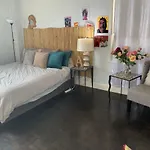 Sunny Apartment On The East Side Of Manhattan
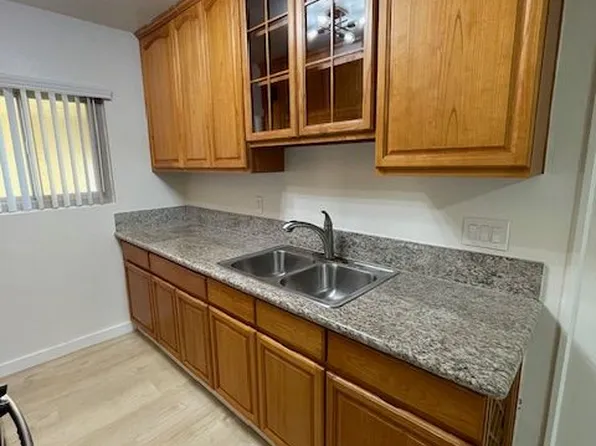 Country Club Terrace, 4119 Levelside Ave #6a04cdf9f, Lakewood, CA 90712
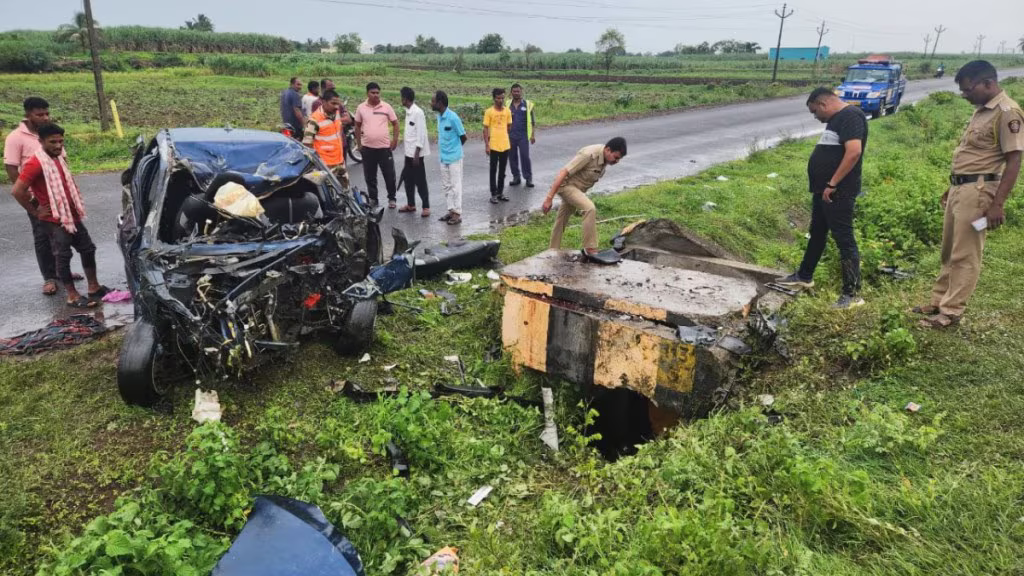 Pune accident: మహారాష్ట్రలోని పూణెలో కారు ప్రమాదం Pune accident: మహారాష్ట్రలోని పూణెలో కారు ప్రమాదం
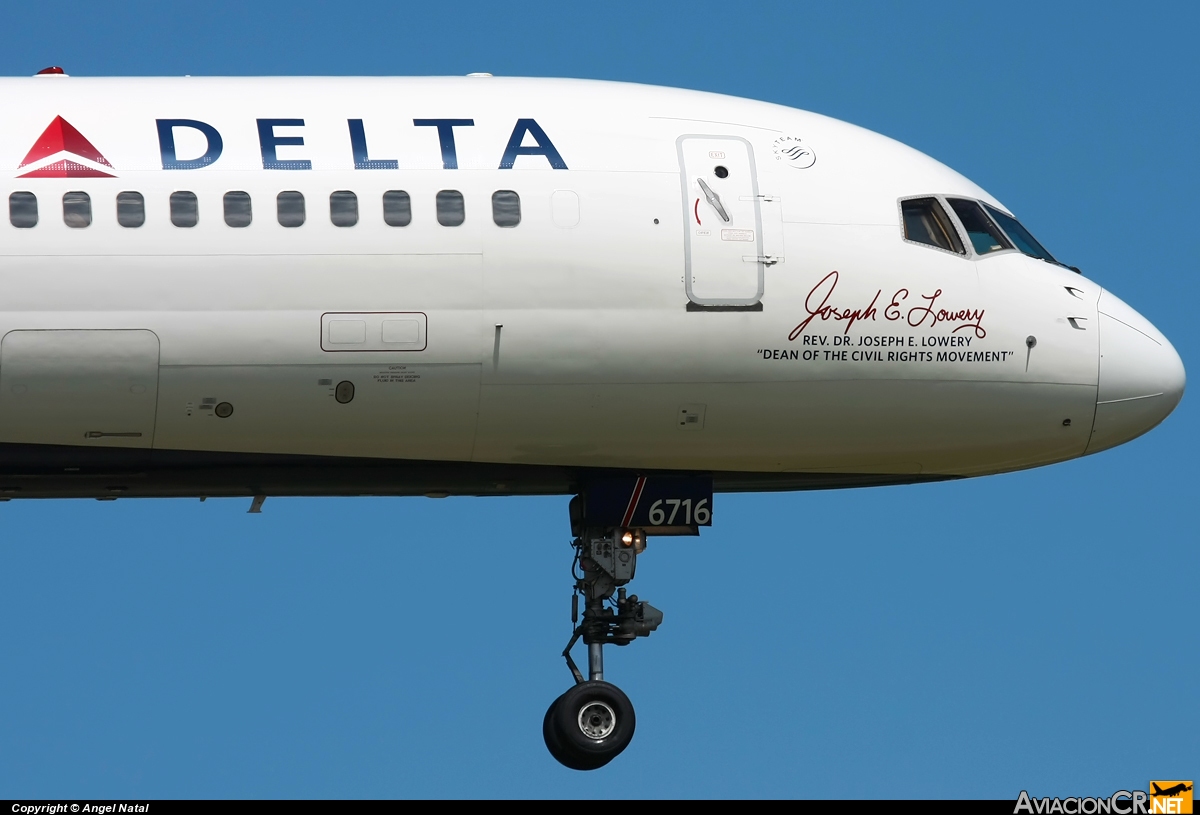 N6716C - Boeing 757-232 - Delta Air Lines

* **Exercise description**: Line by line, restate the data above exactly as it stands, minus the pictures.

* **Your response**:
 Sunny Apartment On The East Side Of Manhattan
 Country Club Terrace, 4119 Levelside Ave #6a04cdf9f, Lakewood, CA 90712
 Pune accident: మహారాష్ట్రలోని పూణెలో కారు ప్రమాదం Pune accident: మహారాష్ట్రలోని పూణెలో కారు ప్రమాదం
 N6716C - Boeing 757-232 - Delta Air Lines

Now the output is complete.